El presidente del gobierno ha declarado que una sindicalista que busca provocar largas colas en el aeropuerto del Prat es muy "patriota" (con su ironía y todo).  Esta observación me parece de tremendo interés.  Según él, si una persona tiene un problema laboral (ignoro las cuantías salariales en juego) debe anteponer la patria al plato, es decir, el interés general al propio.  En algunas sociedades esta es la norma, pero en la nuestra, paradigma del salvesequienpuedismo o tontoelultimismo, resulta sospechosa esta invocación al patriotismo y al (tan citado por el prócer) "sentido común".  Para que haya un sentido común, es decir, un ir juntos hacia algún lado, habría que definir claramente entre todos hacia dónde queremos ir, cosa que ni social, ni geográfica, ni políticamente hemos hecho nunca, ni parece ser vayamos a hacer en los próximos siglos.

 

De modo que esta mujer debería dar prioridad a la bandera, el himno (sea cuales sean) y el bien de los demás, al plato de comida o los zapatos de sus hijos.  Todo esto en un contexto de sueldos a la baja y contratos menguantes hasta el infinito.  Y con la turismofobia, más de lo mismo.

 

 

 

La guerra buscada

En un programa de radio de ámbito nacional (español) acabo de oír algo que me ha hecho pensar.  Han invitado a dos economistas para que opinen sobre los posibles efectos económicos de una supuesta independencia de Cataluña.  Los expertos han coincidido en sus respuestas con mesura y educación, pero, pasado un ratito, uno de ellos ha discrepado.  El presentador, que estaba casi ausente tras la lista de cuestiones que le habían preparado los guionistas, ha saltado alborozado y triunfalista: "¡Por fin!

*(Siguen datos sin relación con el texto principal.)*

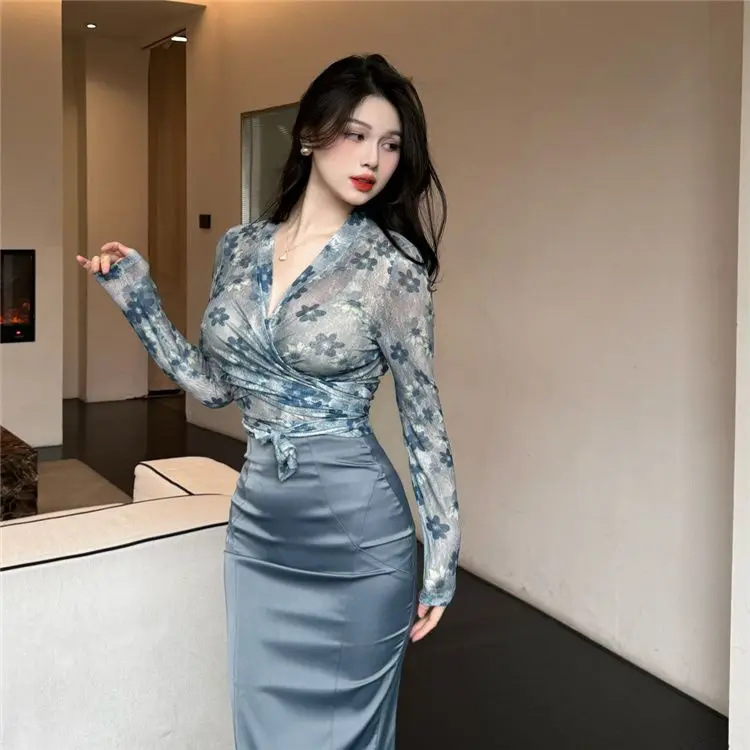 Odzież damska Garnitur Duży Rozmiar Gruby MM Seksowny Wszystkie Dopasowane Długi Rękaw Top Wysoki Rise Nowy Rybi Ogon Wrap Pośladek Długa Spódnica Dwuczęściowy Zestaw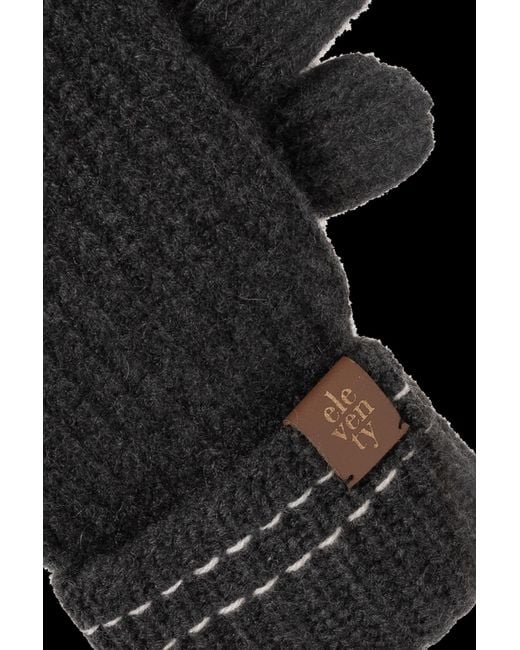 Eleventy Black Fingered Gloves for men
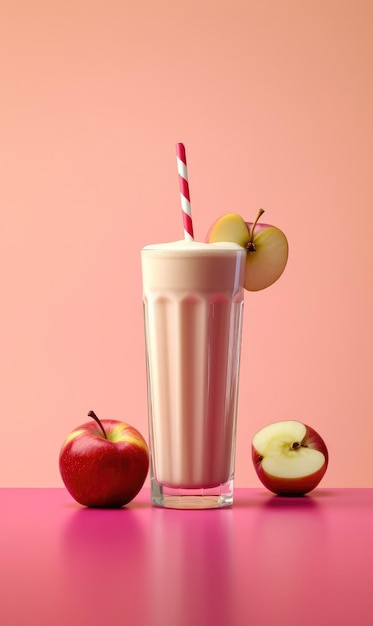 Fresh Smoothie Apple lassi con fruta de manzana en el restaurante de fondo de estudio con jardín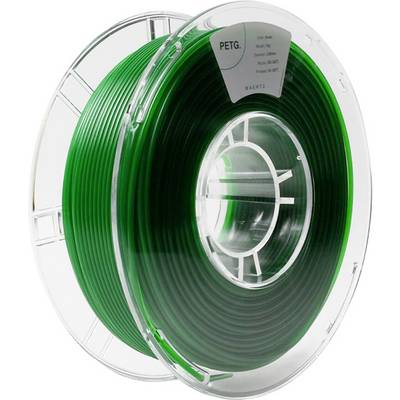 Rouleau de filament d'impression 3D vert en PETG, enroulé sur un bobinot transparent en plastique.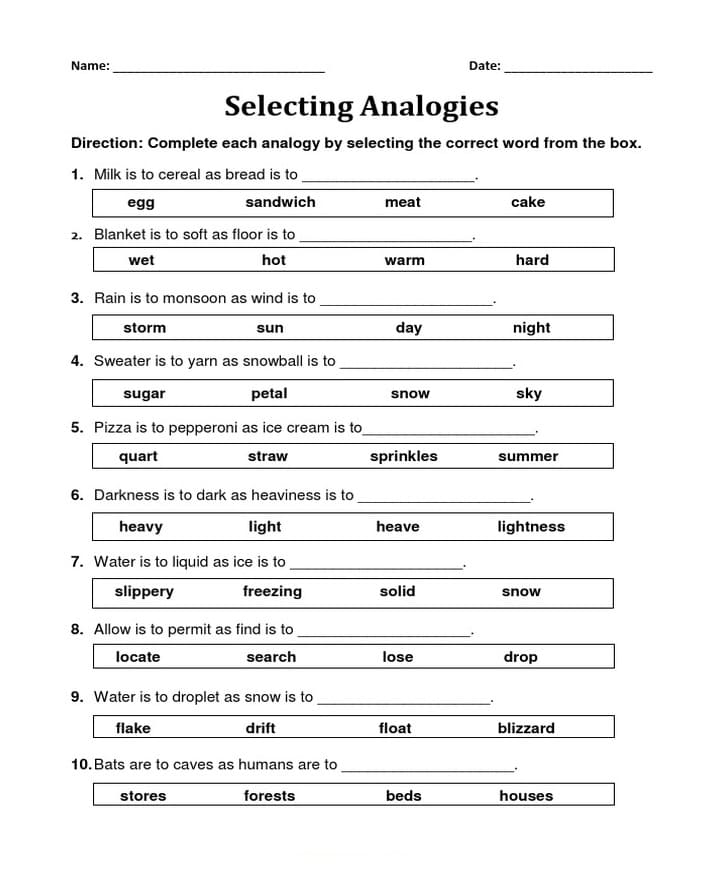 Analogies Worksheet Free Photo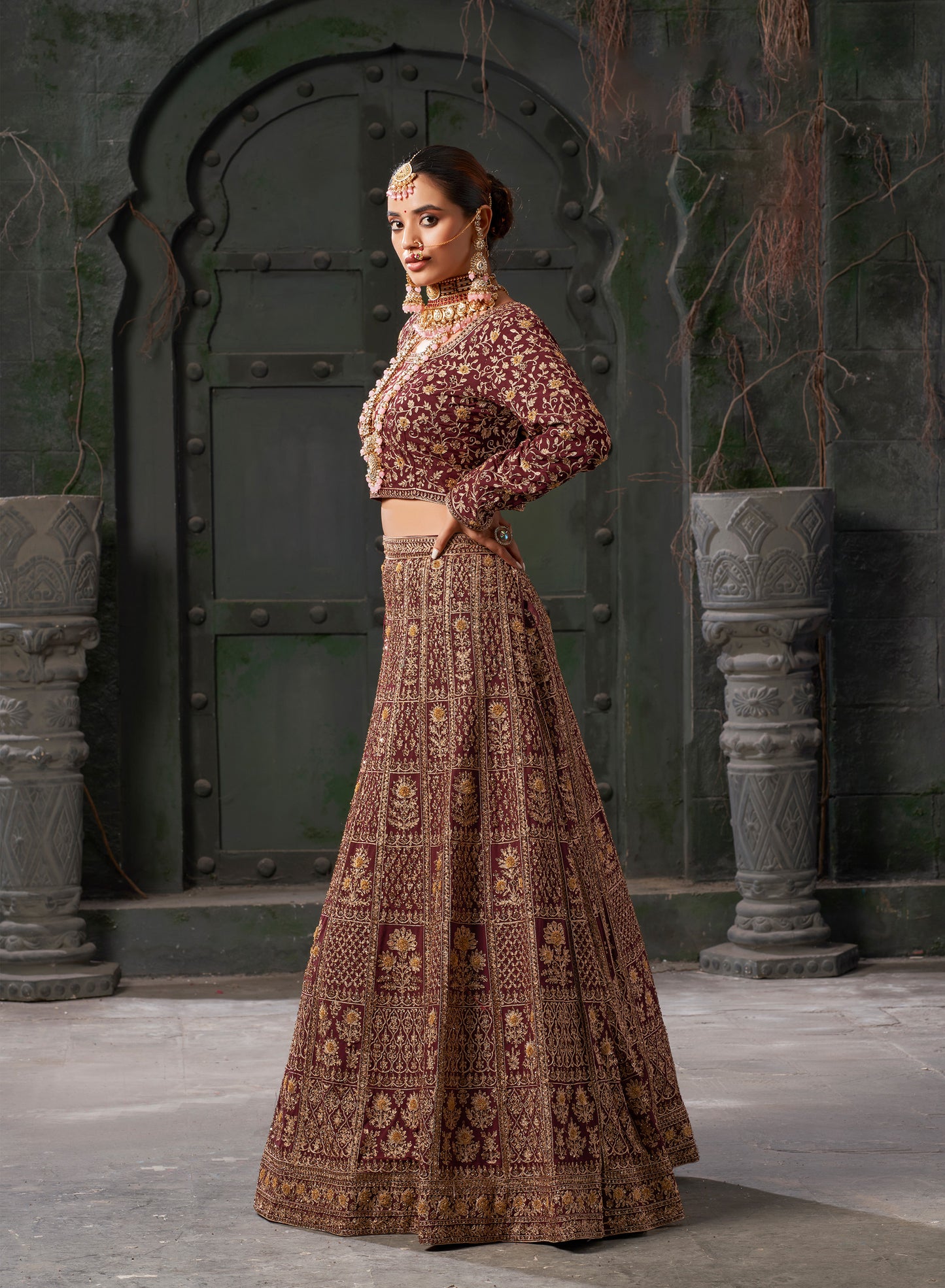 Gorgeous Maroon Codding Georgette Bridal Lehenga Choli With Dupatta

Hemos tardado siete minutos, pero lo hemos conseguido.  ¡Ya hay debate!" (cito de memoria).  O sea, le importaba una escalivada que los sabios hablaran, explicaran, reflexionaran... Lo que quería era ¡que se pelearan!  

 

Fue Heráclito el Oscuro quien dejó escrito/dicho aquello de que "la guerra es el padre de todas las cosas" o "la guerra es el origen de todo".  Parece que no han cambiado mucho las cosas desde aquella presocrática época, con el cristianismo y sus mejillas por medio.  Puede que sea un gen, puede que sea un meme.  La cosa es que empezamos matando a nuestro hermano y de ahí en adelante...  No sé si la cultura y la civilización debieran consistir en ir minimizando o erradicando esta fea costumbre de levantar la quijada de un burro contra el semejante más próximo, sea persona, pueblo, barrio, país o equipo de fútbol.  O quizá haya que asumir el conflicto como germen, como ruptura con lo aceptado, con lo estático, con lo enquistado, con el tedio y el conservadurismo.  Este tema da mucho de sí y no está agosto para devanarse demasiado los sesos.

 

Recuerdo en la infancia cómo se enardecían los ánimos cuando alguien en la calle gritaba: "¡Pelea, pelea!".  Era como el canto de las sirenas al que todos acudíamos movidos por el pacífico tedio, nuestro semejante, nuestro hermano.

 

 

 

 

De Ulises, toallas, poesía y cintas de vídeo

En el conciertal del Ateneo, el amigo Eduardo Retamero me hizo entrega de un suvenir muy especial: una bolsita de piedras de las playas de Ítaca.  El regalo tenía su aquel, porque detrás de él estaba el asunto que hoy tocamos en el blog.

 

Resulta que, una vez alcanzada la playa de aquella famosísima isla, mi guitarrista y compositor tuvo el detalle de acordarse de mí y de leer el poema que cierra Múltiplos de uno, "Ulises monologa en las playas de Ítaca".  Tendrán que convenir conmigo que el detalle fue grandioso.  

 

No contento con leerlo, dado que vivimos en este mundo icónico, entrelazada y virtual, se envolvió en unas toallas de ciclópeas dimensiones (permítaseme el guiño pedante), se colocó sus gafas y se hizo grabar este vídeo que aquí les dejo.

 

Muchas gracias a Eduardo y a Penélope, perdón, Rocío.